Mauro Zanatta, de Brasília
Desgastado por sucessivas renegociações de dívidas e insatisfeito com o crescente risco da atividade rural, o governo negocia com representantes de produtores e bancos operadores de crédito uma ampla reformulação do atual modelo de política agrícola do país, em vigor desde 1941. Mais do que admitir a necessidade de reformar o sistema nacional de crédito, cujas regras vigoram há 44 anos, o governo busca sugestões de medidas práticas para mudar radicalmente sua forma de intervenção e apoio no setor até 2011.
A proposta, obtida pelo Valor, altera toda a estrutura da política agrícola nacional, além de aprimorar e criar instrumentos de ação mais efetiva no setor.
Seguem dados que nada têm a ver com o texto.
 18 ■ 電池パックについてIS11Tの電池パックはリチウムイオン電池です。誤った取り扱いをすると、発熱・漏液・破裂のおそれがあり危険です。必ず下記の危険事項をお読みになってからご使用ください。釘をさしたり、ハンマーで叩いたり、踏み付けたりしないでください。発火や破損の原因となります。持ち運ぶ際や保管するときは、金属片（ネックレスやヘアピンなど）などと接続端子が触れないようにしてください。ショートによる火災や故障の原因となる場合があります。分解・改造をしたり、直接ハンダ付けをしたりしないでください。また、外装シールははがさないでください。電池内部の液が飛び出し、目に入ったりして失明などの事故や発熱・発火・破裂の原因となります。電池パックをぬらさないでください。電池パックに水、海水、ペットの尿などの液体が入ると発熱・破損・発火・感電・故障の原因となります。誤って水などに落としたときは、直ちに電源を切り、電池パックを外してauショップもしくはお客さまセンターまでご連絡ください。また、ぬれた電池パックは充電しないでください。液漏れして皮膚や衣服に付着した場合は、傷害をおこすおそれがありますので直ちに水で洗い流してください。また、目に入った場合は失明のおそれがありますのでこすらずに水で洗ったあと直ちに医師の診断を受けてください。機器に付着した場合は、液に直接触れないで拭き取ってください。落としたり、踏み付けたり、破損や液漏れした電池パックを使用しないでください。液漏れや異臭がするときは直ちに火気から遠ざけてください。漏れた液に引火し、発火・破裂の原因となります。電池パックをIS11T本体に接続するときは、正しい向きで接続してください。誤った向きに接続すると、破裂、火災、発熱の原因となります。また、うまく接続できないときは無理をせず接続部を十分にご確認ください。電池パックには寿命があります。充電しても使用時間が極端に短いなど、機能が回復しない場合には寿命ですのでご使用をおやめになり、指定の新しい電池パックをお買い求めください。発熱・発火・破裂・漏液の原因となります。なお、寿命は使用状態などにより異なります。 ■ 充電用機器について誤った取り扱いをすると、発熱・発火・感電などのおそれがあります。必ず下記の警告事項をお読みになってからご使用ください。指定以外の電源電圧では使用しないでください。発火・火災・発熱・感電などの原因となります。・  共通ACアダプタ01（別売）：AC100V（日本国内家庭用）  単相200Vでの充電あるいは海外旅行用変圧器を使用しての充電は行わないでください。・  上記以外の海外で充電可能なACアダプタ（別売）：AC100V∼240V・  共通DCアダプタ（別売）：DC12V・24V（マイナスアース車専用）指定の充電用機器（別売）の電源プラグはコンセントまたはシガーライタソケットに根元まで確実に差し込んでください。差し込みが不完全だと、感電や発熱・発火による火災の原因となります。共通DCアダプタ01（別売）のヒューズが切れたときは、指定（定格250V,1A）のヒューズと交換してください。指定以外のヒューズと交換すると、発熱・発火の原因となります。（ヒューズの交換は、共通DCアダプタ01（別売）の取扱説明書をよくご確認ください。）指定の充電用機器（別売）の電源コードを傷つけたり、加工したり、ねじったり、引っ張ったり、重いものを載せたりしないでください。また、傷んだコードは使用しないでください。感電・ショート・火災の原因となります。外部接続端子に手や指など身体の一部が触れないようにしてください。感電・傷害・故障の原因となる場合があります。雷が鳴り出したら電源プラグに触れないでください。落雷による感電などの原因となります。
O texto estabelece novas estruturas de financiamento com compromisso de controle do endividamento, cria mecanismos de alavancagem às carteiras de crédito, garante a sustentação de preços, eleva subsídios ao seguro de renda e reduz a subvenção ao crédito.
A renovação do velho modelo está dividida em medidas emergenciais para a próxima safra (2009/10), que começa oficialmente em julho, e na criação de um período de transição para o novo sistema até 2011. Até lá, somente quem aderisse às novas regras poderia repactuar dívidas rurais. Pelo texto, seriam enfrentados problemas de tributação indireta elevada sobre produtos agropecuários, do progressivo agravamento da sonegação fiscal no campo e da falta de estímulos à formalização contábil e à transparência patrimonial dos produtores.
O governo crê que as novas diretrizes devem melhorar a gestão do risco rural e elevar o volume de recursos públicos e privados para financiar produção e investimentos. Elas também precisam reforçar a atuação na comercialização da safra, garantindo renda estável ao produtor e evitando pressões nos preços ao consumidor.
Um grupo de trabalho composto por dirigentes dos ministérios da Agricultura e da Fazenda, além de Banco do Brasil, federação dos bancos (Febraban) e Confederação da Agricultura e Pecuária (CNA), elabora formas de incentivo à transformação dos produtores em pessoa jurídica e prevê a criação de um Imposto de Renda específico para essas empresas, com tributação reduzida e um estatuto exclusivo. O texto, em estudo desde meados de dezembro, propõe alíquotas menores de impostos indiretos, como ICMS e PIS-Cofins, em troca do aumento na transparência fiscal.
Os especialistas também veem a urgência em fixar o financiamento integrado das atividades de cada propriedade, sem a necessidade de limites para cada cultura. O novo sistema contaria, ainda, com uma central de registro de todas as operações rurais – uma espécie de Cetip Rural.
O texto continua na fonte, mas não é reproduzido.